The accident took place at a dirt airstrip southeast of Denver. The weather was VFR, but with a gusty wind blowing out of the south; the nearest reporting point, Centennial Airport, 12 miles distant, called it 12 knots gusting to 26.
A number of people, including the wife and daughter of the passenger, witnessed the accident. The most detailed description given to NTSB investigators came from a 350-hour private pilot who watched from the driveway of his house just across the runway. After running up, he reported, the airplane took off southward, directly toward him, from a large open area north of Runway 5/23. It broke ground in 200 feet, made a slight left turn into the wind and climbed steeply. “The angle of attack on climb was significant,” he wrote. “I would estimate [it] to be more than 30 degrees and as much as 45 degrees.” The airplane “hovered” for a moment — that is, its groundspeed appeared to drop to near zero — at a height of 150 or 200 feet.

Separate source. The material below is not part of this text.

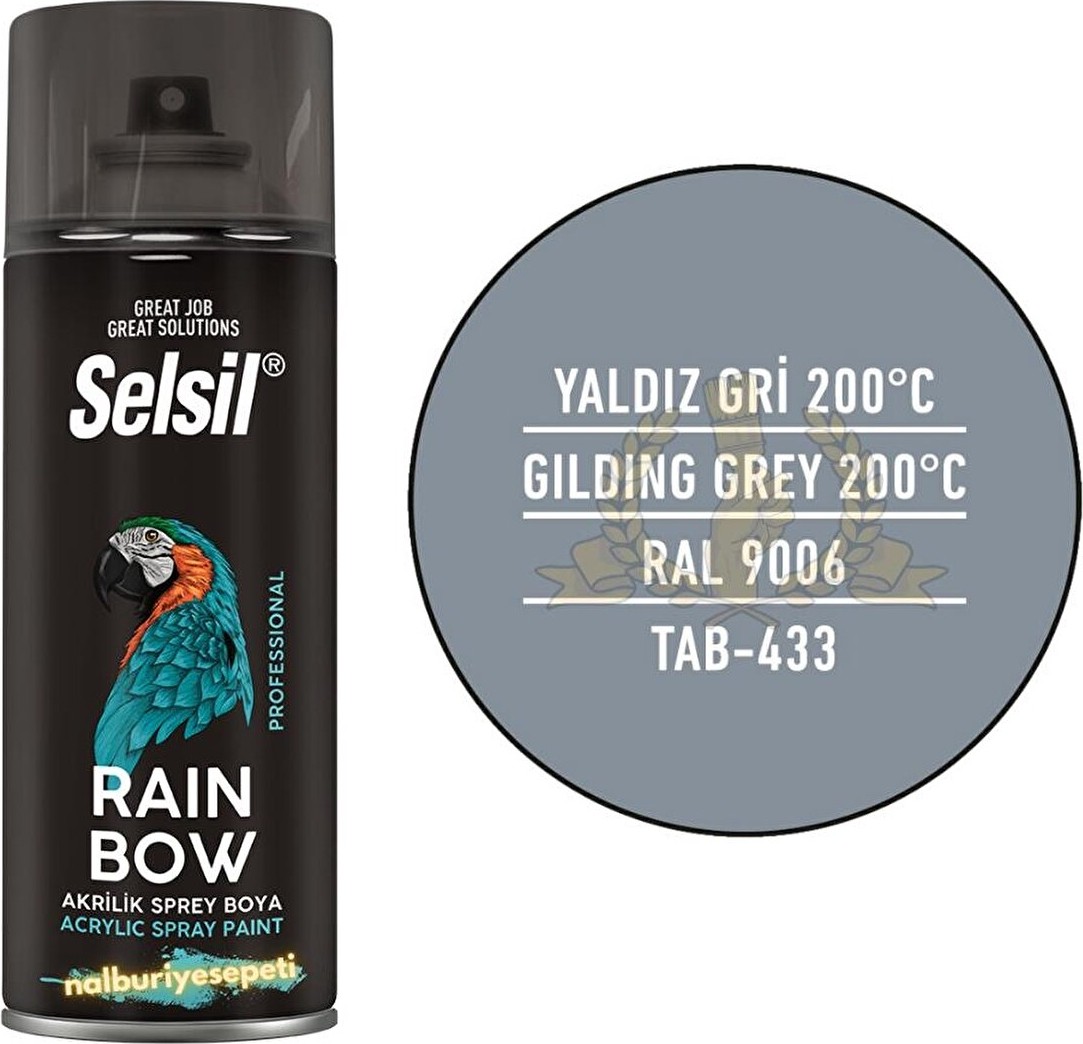 Isıya Dayanıklı Akrilik Sprey Boya Yaldız Gri̇ 400 Ml. - RAL7001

Then the right wing dropped “sharply” — the photograph was taken — and the airplane descended vertically, turning. It struck the ground not far from where the onlookers in the photograph were standing. At impact, the witness said, the nose was coming up; it was, he guessed, at a 30-degree angle to the ground.

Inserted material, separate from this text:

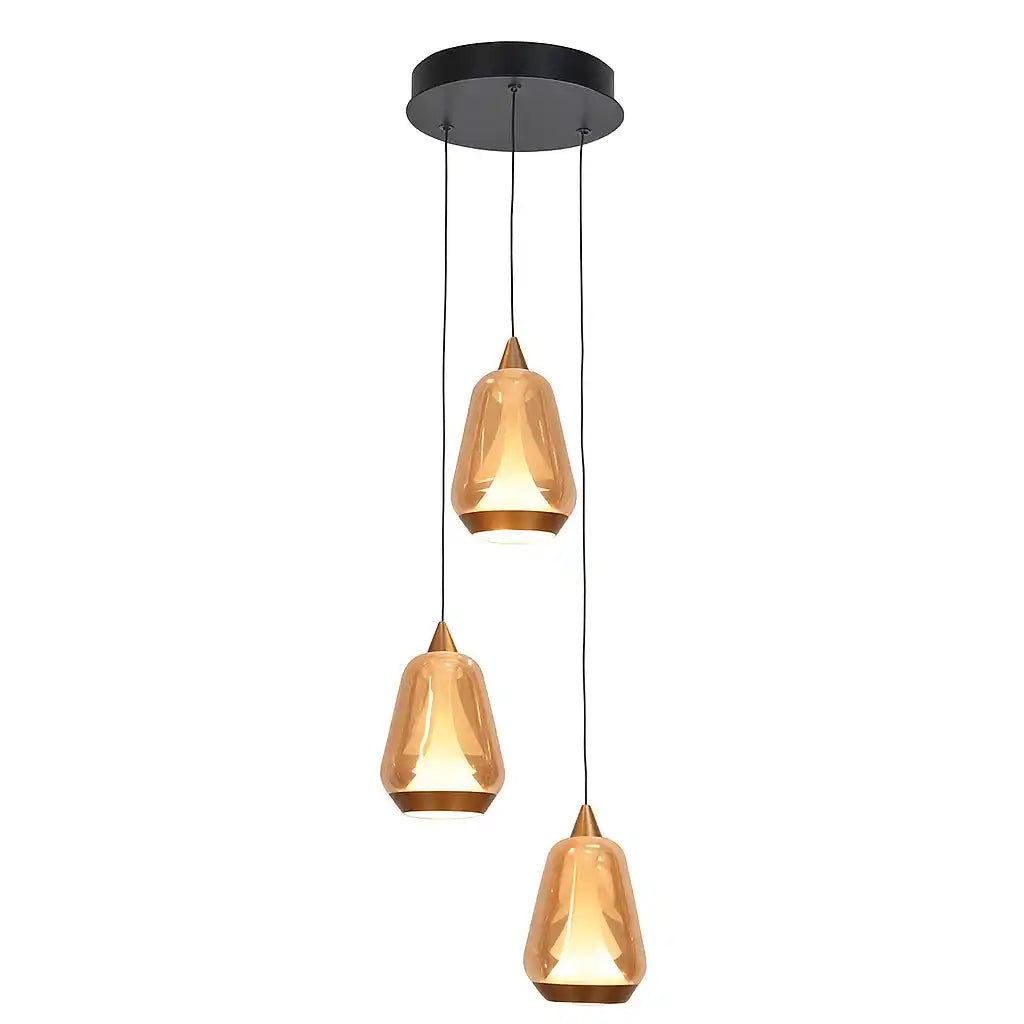 Highlight hanglamp Tromba - 3 lichts - 22 x 155  cm - amber zwart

From the description of the airplane seeming momentarily to hover, it appears probable that the Carbon Cub, which like the Super Cub boasts exceptional low-speed and climbing performance and resistance to stalling, maintained 40 knots or so into the wind. The implausible-sounding angle of attack (probably meaning pitch angle) of 30 to 45 degrees makes sense when you consider that the airplane probably stalls at 20 degrees, the wind-aided climb angle could have been as great as 25 degrees, and the witness’s head-on perspective deceptively foreshortened the climb.
The pilot, 49, was a 9,000-hour ATP and United Airlines instructor with 747 and 777 ratings who had flown P-3s and E-3s — reconnaissance types, the latter carrier-based — in the Navy. He had 3,000 hours in Carbon Cubs. Obviously, lack of experience was not the problem.
In addition to witnesses who saw the accident, several others volunteered earlier observations of the pilot’s flying, all tending to create an impression of ostentatious recklessness — though the low-speed capabilities of the airplane are such that its maneuvers might look reckless even if they weren’t, and these testimonies were offered with benefit of hindsight.
A woman had been driving southward on the road alongside the airport the previous day when she saw the bright yellow airplane turning so low that she thought it had crashed. She stopped and turned back to look for it.